# My 90gal reef build



## phil_pl (Apr 10, 2009)

In the process of gathering equipment at the moment.
The tanks will be here in about 10 days.
90g DT 48"x18"24"
55g Sump 48"13"18"

I may add my 29 on to the system as a grow out or secondary DT but haven't decided for sure yet

Equipment will be:
Octopus Extreme 200 Skimmer
PM12 Mag Drive Return Pump
2 400w Ice Cap Ballasts and Pendents
Vortech Mp40w
1000gph double overflow

Im going to keep mostly SPS and LPS, I hope to get a calc reactor at a later time but until then...

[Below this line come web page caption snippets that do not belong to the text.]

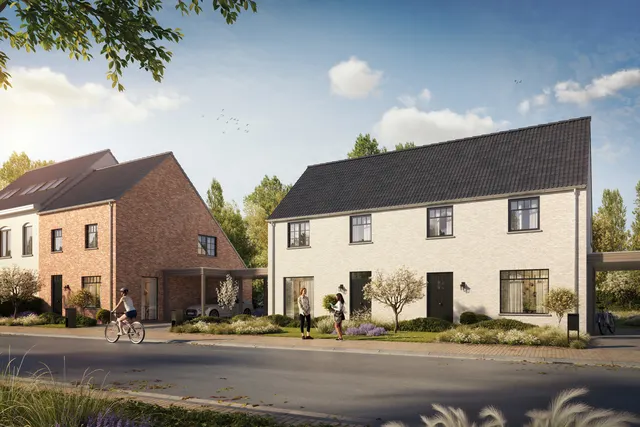 Huis te koop in Wichelen – 1/10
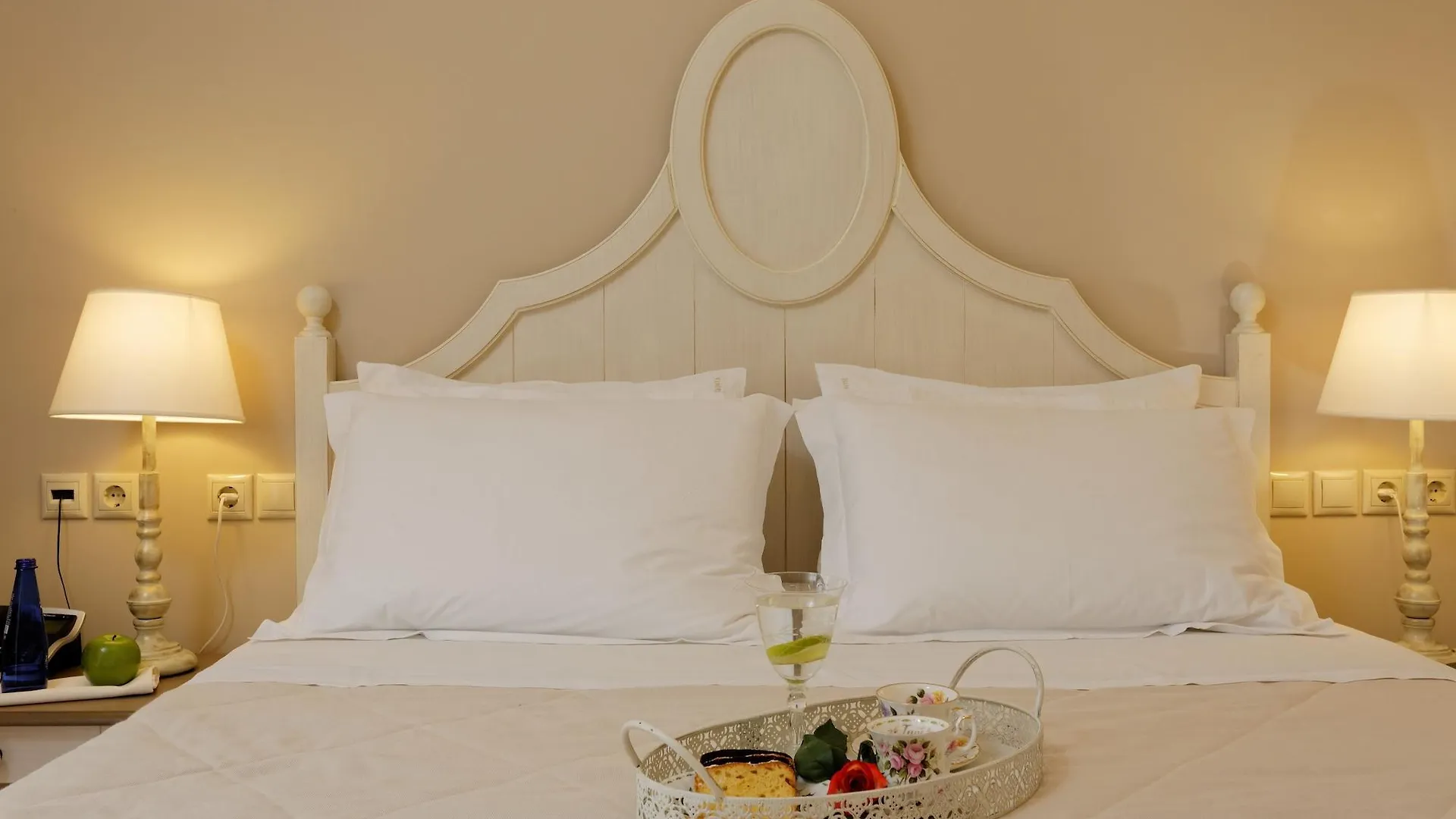 Ionia Suites Rethymno 4*,
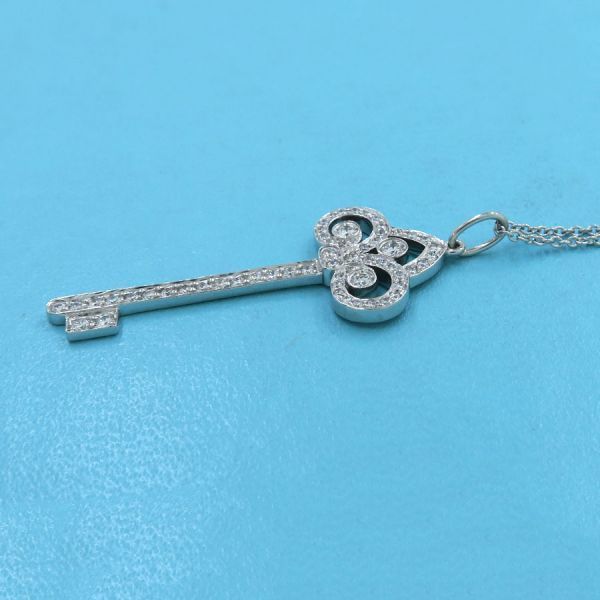 Tiffany Necklace A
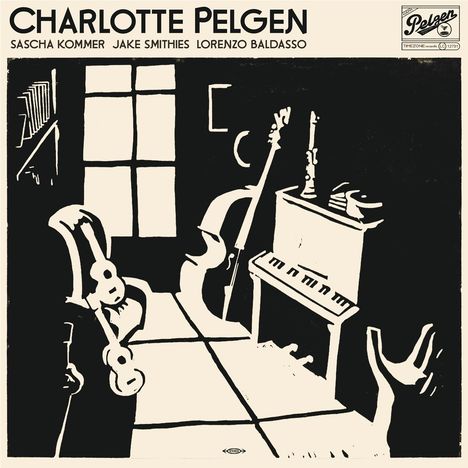 Charlotte Pelgen: Would You Look At That, CD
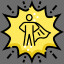 Dressed Up achievement icon for Mutant College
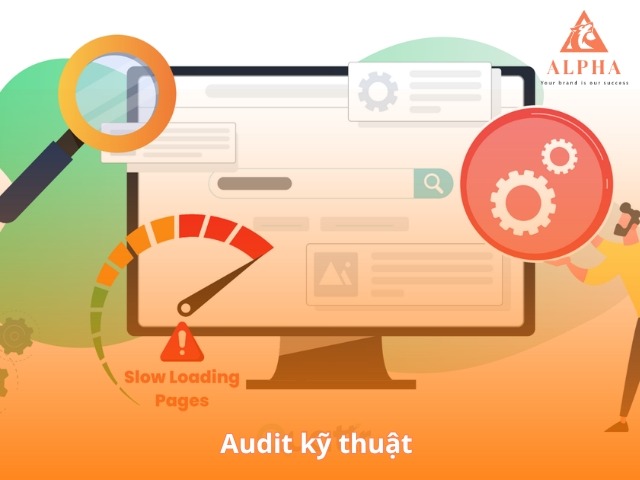 Website Audit kỹ thuật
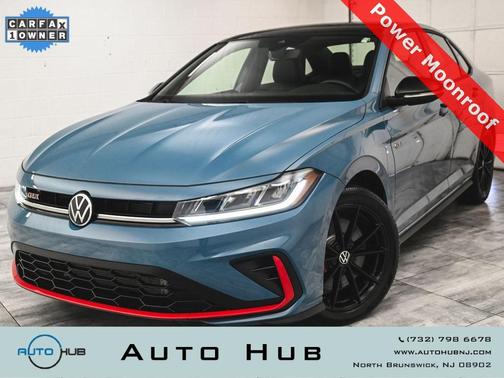 2025 Volkswagen Jetta GLI 2.0T Autobahn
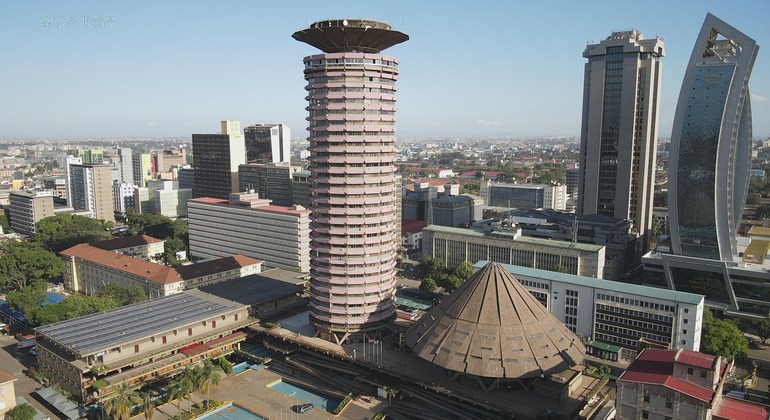 Nairobi Essentials: Walking Experience Kenya — #3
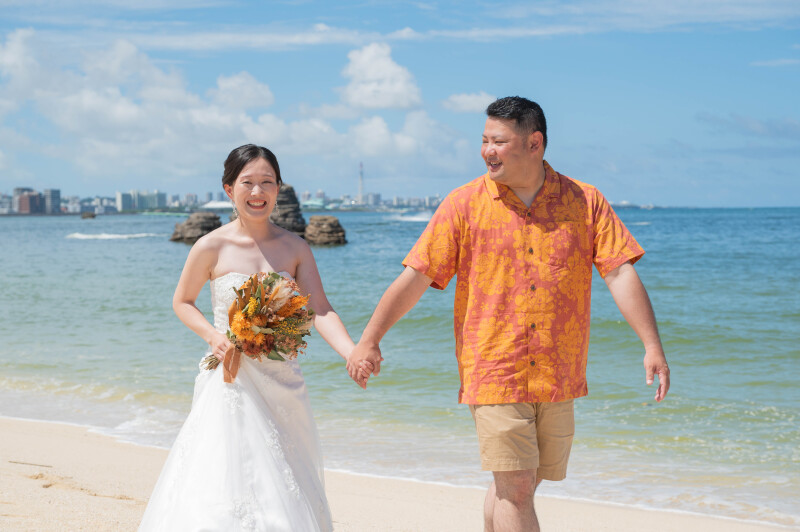 お散歩ショット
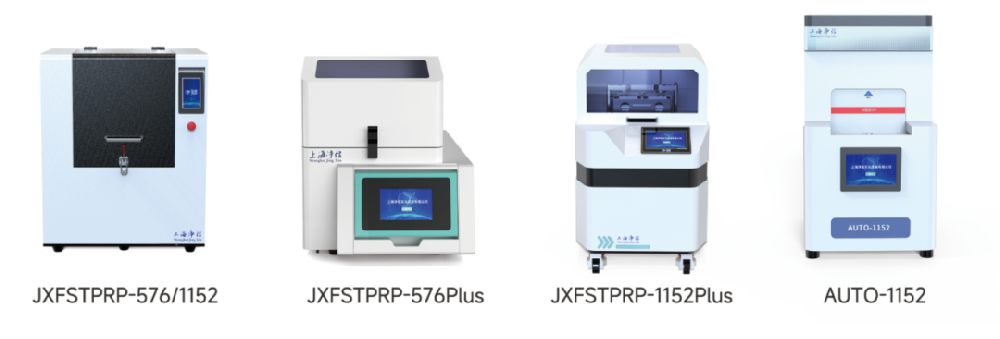 凈信高通量組織研磨儀單次1152樣本批量處理，解決多樣本前處理的“效率困局”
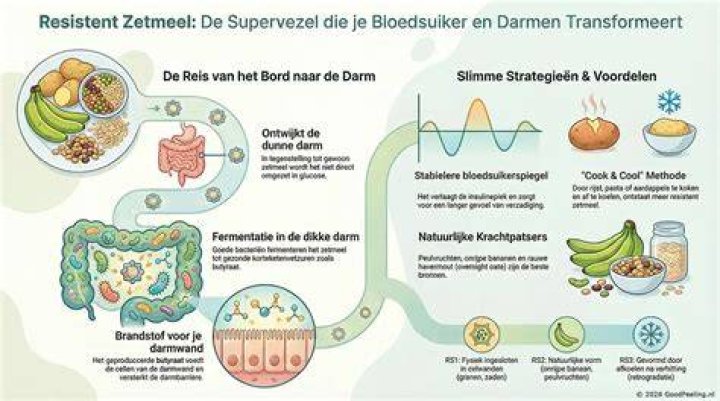 Waarom Moet Zetmeel Verteerd Worden?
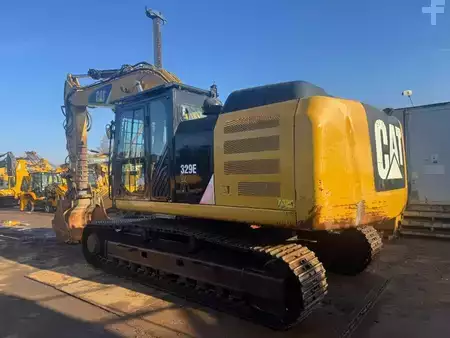 Pelles sur chenilles 0 Caterpillar 329 EL (12)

Comments, ideas, suggestions?
I would love to have some input from people running like systems and/or equipment.


----------



## petlover516 (Nov 12, 2008)

*Re: phil_pl's new tank build*

nice size set-up...u could use the 29gal as a refugium.


----------



## phil_pl (Apr 10, 2009)

*Re: phil_pl's new tank build*

that is a good idea i just dont know if i will have space for it


----------



## phil_pl (Apr 10, 2009)

*Re: phil_pl's new tank build*

the new tank is here*w3, wish i had a camera so i could share, but until then i need someone to help me get it out of the truck


----------



## Mermaid (Jul 23, 2009)

*Re: phil_pl's new tank build*

Georgia is kind of far for me to drive.. ):


----------



## phil_pl (Apr 10, 2009)

*Re: phil_pl's new tank build*

haha its only like what 15 hours


----------



## Mermaid (Jul 23, 2009)

*Re: phil_pl's new tank build*

Yeeeeeeh...*r2


----------



## Chickadee (Nov 15, 2008)

*Re: phil_pl's new tank build*

Congratulations..are you going to set up a "journal" post and keep us updated on the progress when you are setting it up or just let us picture it in our minds...

I am SO envious! LOL

No I am happy for you of course. Keep us updated on the progress, hope you find some strong help soon to get it unloaded.

Rose


----------



## phil_pl (Apr 10, 2009)

*Re: phil_pl's new tank build*

well the tank is in side now, man it sure does look huge sitting next to my 42" tv, i looks off balance i may move it to the center of the wall in front of my bed and put the tv in the corner, hahah priorities!!! tank vs tv....who will win


----------



## phil_pl (Apr 10, 2009)

*Re: phil_pl's new tank build*

sorry guys but this is going to have to be a no picture thread for a while.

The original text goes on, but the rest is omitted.